Nothing much, really.

A girl who drinks a lot of coffee. A guy immersed in Tarantino-Kubrick-Greenway films. Another guy who does not believe in omens. Put the three of them together at one coffee shop and what do we get?

Nothing, really.
——

He couldn’t see him, since he had his back to the entrance.

The waiter approached him and without warning suddenly swooped down towards his leg.

The first thought that flashed in his mind, was typically Tarantino. Is this waiter a were-wolf? Is he gonna bite my leg off? His questions ended up in disappointment as the waiter retrieved a pretty silken scarf and held it in front of him.

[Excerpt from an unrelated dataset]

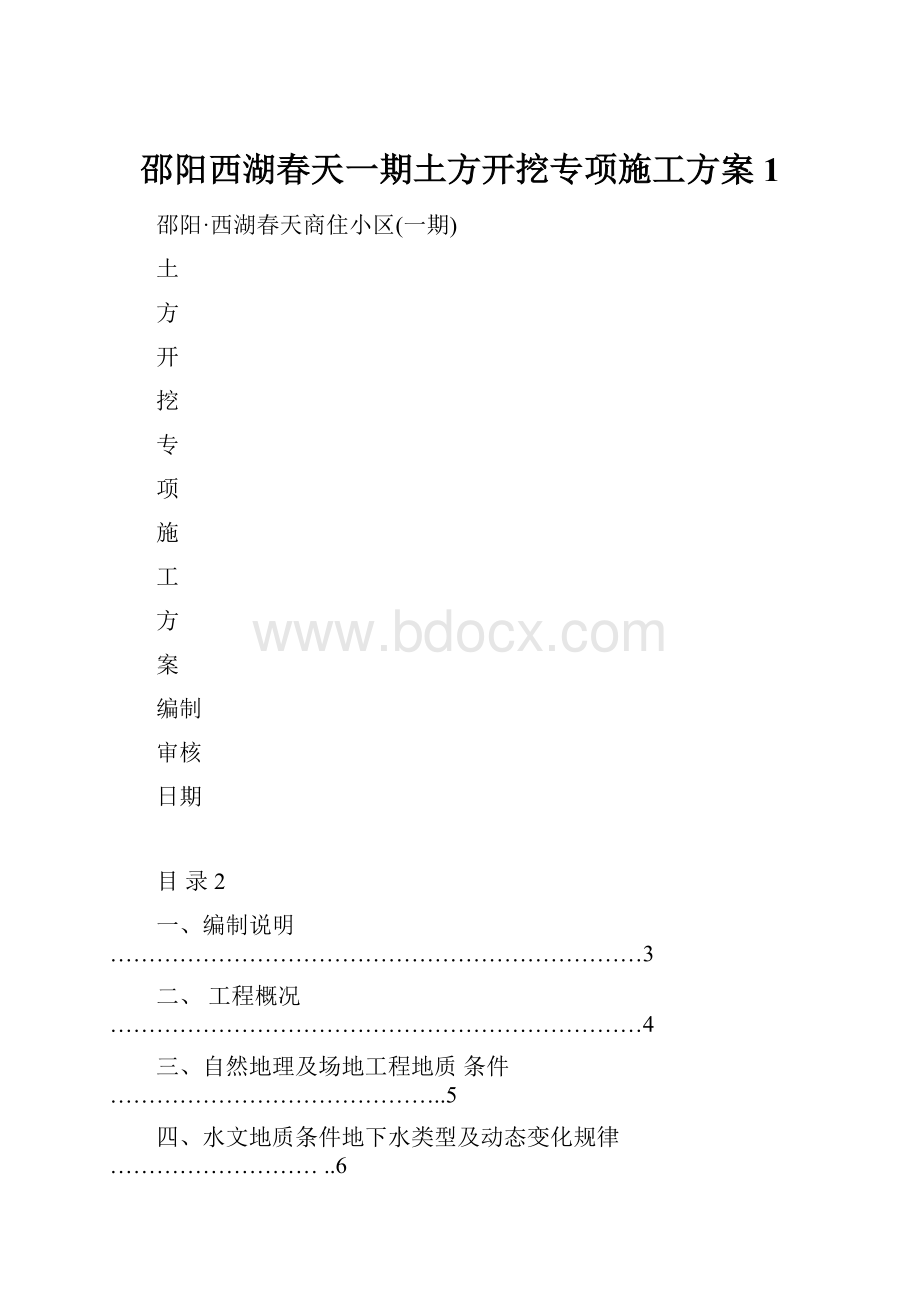 邵阳西湖春天一期土方开挖专项施工方案1Word文件下载.docx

It was definitely pretty. Colors seemed to jump in and out of it. It would have looked pretty on any girl, even the librarian. It would have looked even prettier on the girl who had just collided with him, a few minutes back.

A faint thought rumbled in the deep confines of his brain.

He remembered thinking about olives when they had both fallen on the floor. Now he realized why. The girl had been smelling of olives and lemon. Maybe it was her perfume, maybe it was her shampoo.

And then, another thought rumbled in the deep confines of his brain. This one was quite far from the first one. But somehow, with a mighty effort, his brain managed to co-relate the two, and he brought the scarf near and sniffed it.

And then, the Universe collapsed, again.